Madde miktarı, kimya alanında içindeki ayrı atomik ölçekli parçacıkların sayısının Avogadro sabiti NA'ya bölümü olarak tanımlanmaktadır. Özetle atomik görüşte, madde miktarı, maddeyi oluşturan parçacıkların sayısıdır.[1][2][3] Parçacıklar veya maddeler, bağlama bağlı olarak moleküller, atomik, iyonik, elektron veya başka bir yapıda bulunabilmektedirler. Avogadro sabiti NA'nın değeri 6.02214076×1023 mol−1 olarak tanımlanmaktadır. Gerçek atomik görünümde, maddenin 1 molü, 6.02214076×1023 adet (Avogadro sayısı kadar) parçacık içermektedir.[4] Madde miktarı, kimyasal miktar olarak da adlandırılmaktadır.
Mol, Uluslararası Birim Sistemi'nde (2019'dan beri) Avogadro sabitini verilen değerde tanımlayan bir madde miktarı birimidir. Daha önceki dönemlerde, 12 gramlık karbon-12 izotopundaki madde miktarı olarak bilinmekteydi. Bir kimyasal bileşiğin bir molünün gram cinsinden kütlesi, bileşiğin bir molekülünün kütlesine sayısal olarak eşittir. Ayrıca, mol başına düşen gram cinsinden bir izotopun molar kütlesi, kütle sayısına eşittir. Örneğin, bir su molekülünün kütlesi ortalama olarak yaklaşık 18.015 dalton iken, bir mol suyun (6.02214076×1023 su molekülü içerir) toplam kütlesi yaklaşık 18.015 gram olarak hesaplanmaktadır.
Molekül modeli
Kimyada, çoklu oranlar kanunu nedeniyle, kütle (gram) veya hacim (litre) yerine madde miktarlarıyla (yani mol veya molekül sayısı) çalışmak genellikle çok daha uygundur. Örneğin, "1 molekül oksijen (O2) 2 molekül hidrojen (H2) ile reaksiyona girerek 2 molekül su (H2O) oluşturur." ifadesi, "2 mol su oluşturmak için 1 mol O2, 2 mol H2 ile reaksiyona girmektedir." şeklinde de ifade edilebilir. Kütle cinsinden ifade edilen aynı kimyasal gerçek, "32 g (1 mol) oksijen, yaklaşık 4.0304 g (2 mol H2) hidrojen ile reaksiyona girerek yaklaşık 36.0304 g (2 mol) su oluşturur" şeklinde de ifade edilebilmektedir. Hacim açısından sayılar, reaktiflerin ve ürünlerin basıncına ve sıcaklığına bağımlı olarak değişmektedir. Aynı nedenlerle, çözeltideki reaktiflerin ve ürünlerin konsantrasyonları genellikle litre başına gram yerine litre başına mol olarak belirtilmektedir.

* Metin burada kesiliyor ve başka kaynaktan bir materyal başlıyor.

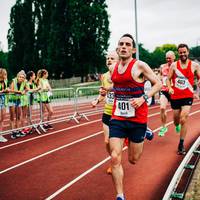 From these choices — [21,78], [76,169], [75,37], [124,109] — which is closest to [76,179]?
[76,169]

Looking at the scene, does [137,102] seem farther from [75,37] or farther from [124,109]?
[75,37]

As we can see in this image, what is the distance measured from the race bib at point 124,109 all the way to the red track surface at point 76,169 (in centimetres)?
123

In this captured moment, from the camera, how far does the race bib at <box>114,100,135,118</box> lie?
14.6 feet

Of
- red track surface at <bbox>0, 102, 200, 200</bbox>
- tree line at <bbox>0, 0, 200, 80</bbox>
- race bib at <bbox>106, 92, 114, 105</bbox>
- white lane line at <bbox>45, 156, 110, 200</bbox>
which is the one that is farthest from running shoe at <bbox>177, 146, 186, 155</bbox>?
tree line at <bbox>0, 0, 200, 80</bbox>

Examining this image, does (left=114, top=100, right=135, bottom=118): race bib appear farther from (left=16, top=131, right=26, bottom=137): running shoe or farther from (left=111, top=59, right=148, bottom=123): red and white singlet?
(left=16, top=131, right=26, bottom=137): running shoe

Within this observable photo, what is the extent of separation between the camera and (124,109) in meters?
4.48

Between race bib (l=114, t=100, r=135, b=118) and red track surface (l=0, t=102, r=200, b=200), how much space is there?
4.02 feet

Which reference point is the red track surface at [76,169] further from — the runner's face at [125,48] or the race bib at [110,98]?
the runner's face at [125,48]

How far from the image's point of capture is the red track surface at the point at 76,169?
5.23 meters

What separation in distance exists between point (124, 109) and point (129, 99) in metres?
0.14

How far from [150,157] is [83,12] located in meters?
41.9

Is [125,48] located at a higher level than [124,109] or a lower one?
higher

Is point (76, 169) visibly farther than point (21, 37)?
No

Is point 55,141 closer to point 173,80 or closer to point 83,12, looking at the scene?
point 173,80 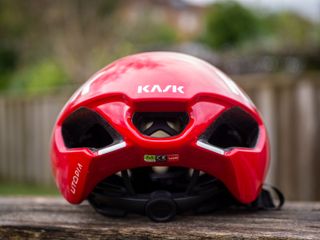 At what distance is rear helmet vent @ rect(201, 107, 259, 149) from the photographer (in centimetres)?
124

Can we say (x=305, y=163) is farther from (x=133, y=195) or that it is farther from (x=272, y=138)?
(x=133, y=195)

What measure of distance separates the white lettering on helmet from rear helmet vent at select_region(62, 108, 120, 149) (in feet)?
0.36

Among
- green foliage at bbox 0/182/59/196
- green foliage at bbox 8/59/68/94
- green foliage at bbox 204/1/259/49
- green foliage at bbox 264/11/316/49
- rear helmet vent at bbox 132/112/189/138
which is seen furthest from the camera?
green foliage at bbox 264/11/316/49

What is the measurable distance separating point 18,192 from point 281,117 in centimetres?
315

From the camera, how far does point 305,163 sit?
11.1ft

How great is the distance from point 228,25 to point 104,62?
12.2 ft

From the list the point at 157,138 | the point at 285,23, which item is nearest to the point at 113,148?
the point at 157,138

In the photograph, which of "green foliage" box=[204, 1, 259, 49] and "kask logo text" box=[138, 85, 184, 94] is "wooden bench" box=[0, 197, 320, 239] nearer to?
"kask logo text" box=[138, 85, 184, 94]

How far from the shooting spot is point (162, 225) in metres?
1.19

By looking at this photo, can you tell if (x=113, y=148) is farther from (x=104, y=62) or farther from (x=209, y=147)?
(x=104, y=62)

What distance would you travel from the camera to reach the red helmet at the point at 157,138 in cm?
116

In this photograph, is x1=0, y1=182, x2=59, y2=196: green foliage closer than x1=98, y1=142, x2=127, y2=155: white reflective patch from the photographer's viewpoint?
No

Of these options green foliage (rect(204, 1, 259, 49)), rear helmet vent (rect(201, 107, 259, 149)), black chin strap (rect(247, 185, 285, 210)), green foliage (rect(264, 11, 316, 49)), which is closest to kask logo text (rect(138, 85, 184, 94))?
rear helmet vent (rect(201, 107, 259, 149))

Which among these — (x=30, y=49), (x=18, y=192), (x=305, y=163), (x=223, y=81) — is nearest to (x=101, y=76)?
(x=223, y=81) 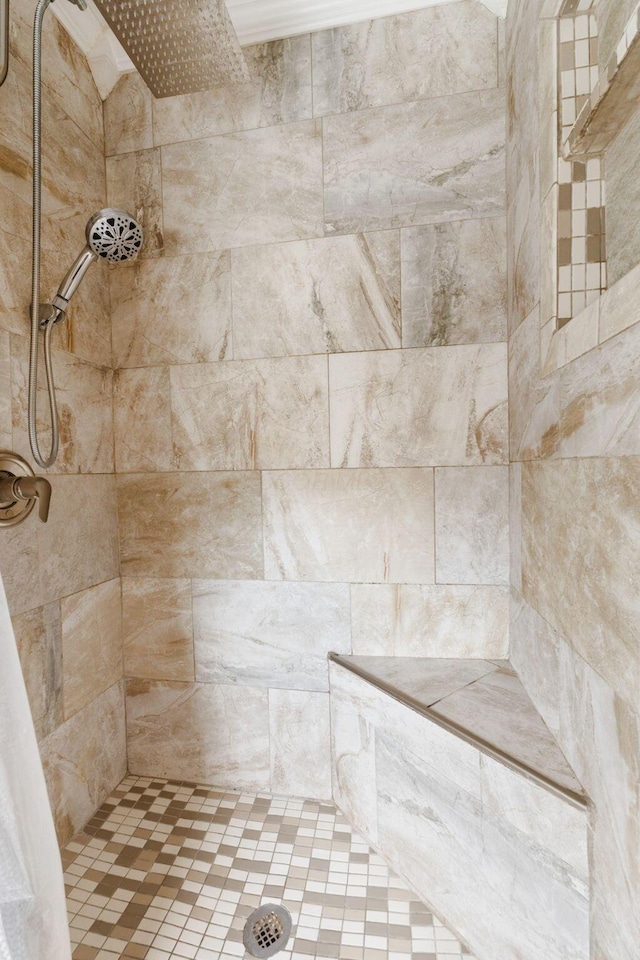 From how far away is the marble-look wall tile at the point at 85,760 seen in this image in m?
1.25

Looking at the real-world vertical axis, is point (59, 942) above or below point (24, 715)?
below

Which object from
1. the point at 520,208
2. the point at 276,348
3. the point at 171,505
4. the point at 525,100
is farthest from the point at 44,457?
the point at 525,100

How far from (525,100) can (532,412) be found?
734 millimetres

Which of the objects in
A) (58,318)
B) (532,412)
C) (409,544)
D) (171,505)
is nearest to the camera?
(532,412)

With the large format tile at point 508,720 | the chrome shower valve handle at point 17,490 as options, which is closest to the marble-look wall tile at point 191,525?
the chrome shower valve handle at point 17,490

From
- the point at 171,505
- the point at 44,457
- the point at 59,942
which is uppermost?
the point at 44,457

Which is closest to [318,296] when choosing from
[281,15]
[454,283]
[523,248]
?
[454,283]

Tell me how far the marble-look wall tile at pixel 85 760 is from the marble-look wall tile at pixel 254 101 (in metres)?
1.78

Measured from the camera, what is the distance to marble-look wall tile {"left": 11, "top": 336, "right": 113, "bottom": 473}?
3.87ft

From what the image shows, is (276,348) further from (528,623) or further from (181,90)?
(528,623)

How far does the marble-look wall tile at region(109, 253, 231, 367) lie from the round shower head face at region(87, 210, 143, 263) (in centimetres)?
25

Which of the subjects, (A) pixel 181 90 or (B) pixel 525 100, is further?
(A) pixel 181 90

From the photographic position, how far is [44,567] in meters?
1.22

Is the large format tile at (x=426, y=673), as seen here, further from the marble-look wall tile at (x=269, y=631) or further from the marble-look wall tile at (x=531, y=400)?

Madde miktarı, termodinamikte de kullanılan bir kavramdır. Örneğin, belirli bir hacimdeki bir alıcıda, belirli bir sıcaklıkta ve belirli bir miktardaki soy gazın basıncı, kütlesiyle değil, gazdaki moleküllerin sayısıyla (ideal gaz yasası yoluyla) doğrudan ilişkilendirilmektedir.
Partikül sayısı yerine kütle veya hacim gibi diğer ölçümlere atıfta bulunulmaktadır.[5] "Madde miktarı" yerine "entalpi"[6] ve "stokiyometrik (element ölçüsü) miktar" gibi daha kolay ayırt edilebilir terimlerde kullanılması önerilmektedir.[5]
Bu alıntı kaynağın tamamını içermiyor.